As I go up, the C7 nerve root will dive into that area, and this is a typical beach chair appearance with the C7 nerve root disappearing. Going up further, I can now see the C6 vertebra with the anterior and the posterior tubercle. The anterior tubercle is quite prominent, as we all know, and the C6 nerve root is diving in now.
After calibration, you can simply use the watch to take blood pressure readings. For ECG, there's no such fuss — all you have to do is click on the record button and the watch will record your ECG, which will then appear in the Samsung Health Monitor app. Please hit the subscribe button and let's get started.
==
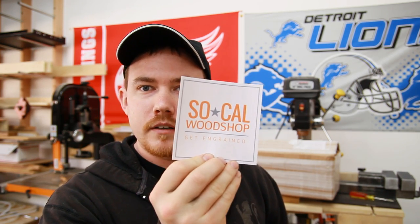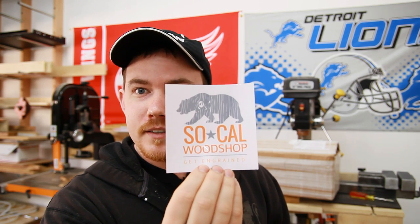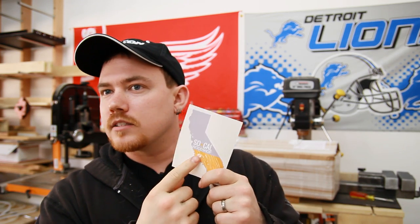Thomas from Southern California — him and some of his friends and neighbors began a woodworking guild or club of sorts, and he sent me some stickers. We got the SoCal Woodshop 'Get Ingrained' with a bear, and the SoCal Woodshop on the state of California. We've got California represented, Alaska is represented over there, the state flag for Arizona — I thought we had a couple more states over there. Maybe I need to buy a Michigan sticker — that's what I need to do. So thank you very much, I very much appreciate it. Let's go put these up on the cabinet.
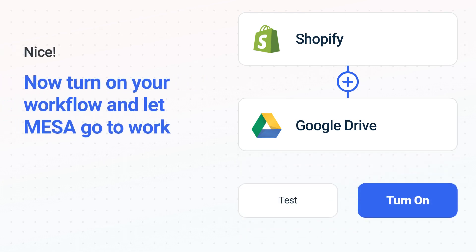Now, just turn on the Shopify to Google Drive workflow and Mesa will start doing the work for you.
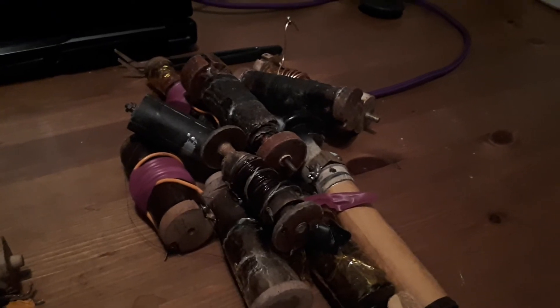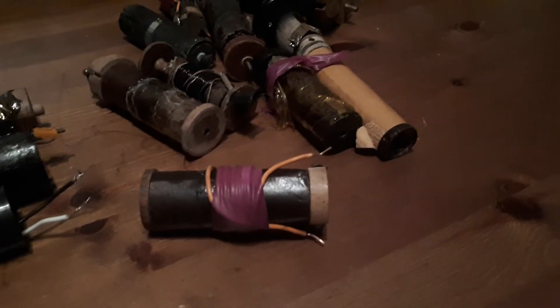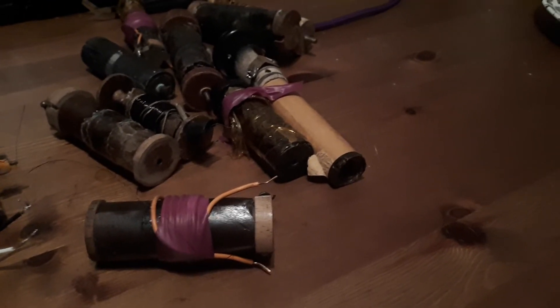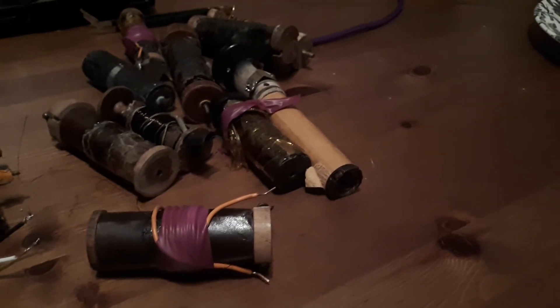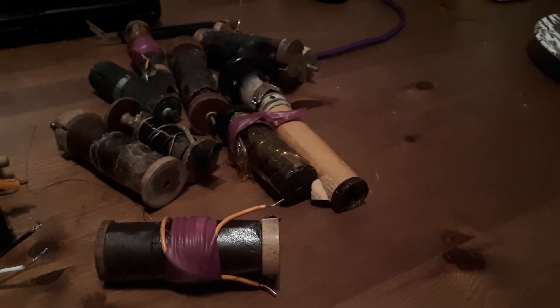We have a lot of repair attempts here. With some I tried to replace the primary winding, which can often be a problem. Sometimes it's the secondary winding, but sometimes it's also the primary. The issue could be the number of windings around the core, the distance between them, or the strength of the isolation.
...
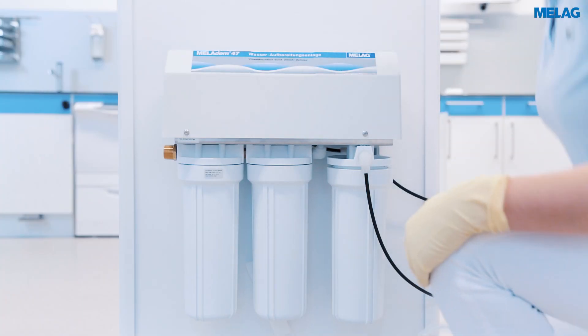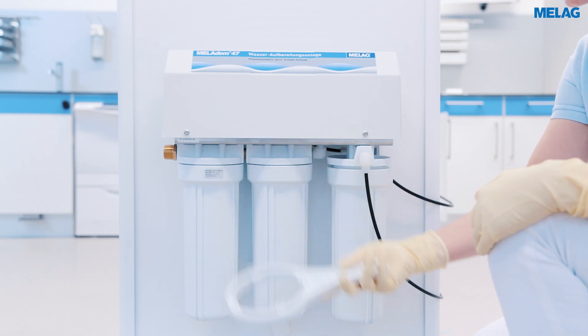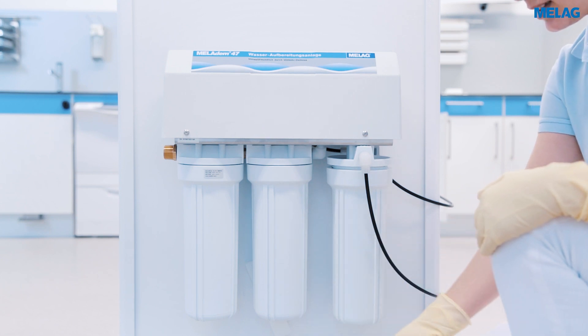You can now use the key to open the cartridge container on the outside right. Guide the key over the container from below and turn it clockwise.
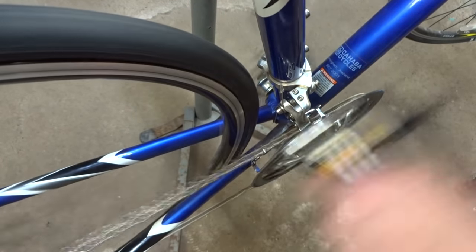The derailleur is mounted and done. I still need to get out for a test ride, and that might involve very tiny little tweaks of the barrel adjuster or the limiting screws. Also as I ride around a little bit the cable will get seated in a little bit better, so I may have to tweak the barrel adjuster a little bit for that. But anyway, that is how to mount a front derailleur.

> **YOUR TASK**
From the entries above, restate word for word the lines from the line containing "As I go up, the" to the line containing "After calibration, you", both ends included, and nothing more.

> **RESPONSE TO THE EXERCISE**
As I go up, the C7 nerve root will dive into that area, and this is a typical beach chair appearance with the C7 nerve root disappearing. Going up further, I can now see the C6 vertebra with the anterior and the posterior tubercle. The anterior tubercle is quite prominent, as we all know, and the C6 nerve root is diving in now.
After calibration, you can simply use the watch to take blood pressure readings. For ECG, there's no such fuss — all you have to do is click on the record button and the watch will record your ECG, which will then appear in the Samsung Health Monitor app. Please hit the subscribe button and let's get started.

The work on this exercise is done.